This episode may ruffle some feathers, but hear me out. We are breaking down the reasons why giving advice is actually causing your clients to fail.
In fact, it’s the least effective way to show up as a coach and will lead to extreme burn out, and as I’m sure you know, a burnt out coach absolutely cannot serve her clients at the highest level.
In this episode, you’ll learn:
- Why you don’t need to know absolutely everything in your topic in order to help people create epic transformations
- How to dig below the surface of your clients’ questions and identify a fact versus a made-up story
- Why trying to micromanage your clients’ success actually sabotages their chance to learn and grow
key quotes:
- “When you are trying to be the advice-giver, the answer-getter, and the be-all-end-all to your clients you are robbing them of breakthroughs.”
- “Keeping your clients small is not the path to success.”
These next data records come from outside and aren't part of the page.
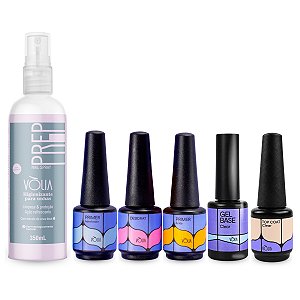 Kit Top Coat + Desidrat + 2 Primers + Gel Base + Prep Vòlia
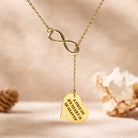 FuAttract Infinity & Heart Titanium Steel Necklace – Mother's Day Love & Self-Love  - image 1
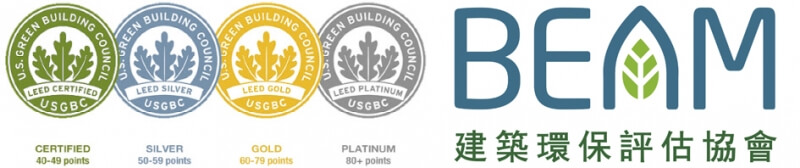 environmentally friendly interior design logo BEAM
- “If you’re constantly in your communities being mr. or mrs. know-it-all, being the fix it person, and being the question answerer, how are you going to scale?”
- “When you’re going into your communities and coaching your clients, you want to recognize what things are facts and what things are the stories that they are building on top of it. When you can make that distinction, both for yourself as a coach and for your clients, that’s when you can really unlock the next level of transformation.”
transcription
If you are someone who is building a coaching business in the online space, then this one’s for you. We are talking about why giving advice is actually setting your clients up for failure.
Whaaat? What are you talking about, Jen?!
We’re going to dive into three key reasons why this is the least effective, in fact, the worst way to be showing up as a coach.
When we look at the coaching world, one of the things that a lot of people are doing is giving advice. In fact, a lot of reasons why so many brilliant people are not stepping forward as coaches is because they believe they have to know EVERYTHING before they start and they believe that their entire business is going to be built around everything they are going to be teaching.
When we say to ourselves that we need to know everything before we start so that we can just pour into our clients, that’s coming from – maybe at first – a seemingly abundant place. We are giving our clients the answers to everything, they are inboxing you all hours of the night, and you’re getting all sorts of questions flying in all different directions (in your Facebook groups, in your inbox, in your text messages…).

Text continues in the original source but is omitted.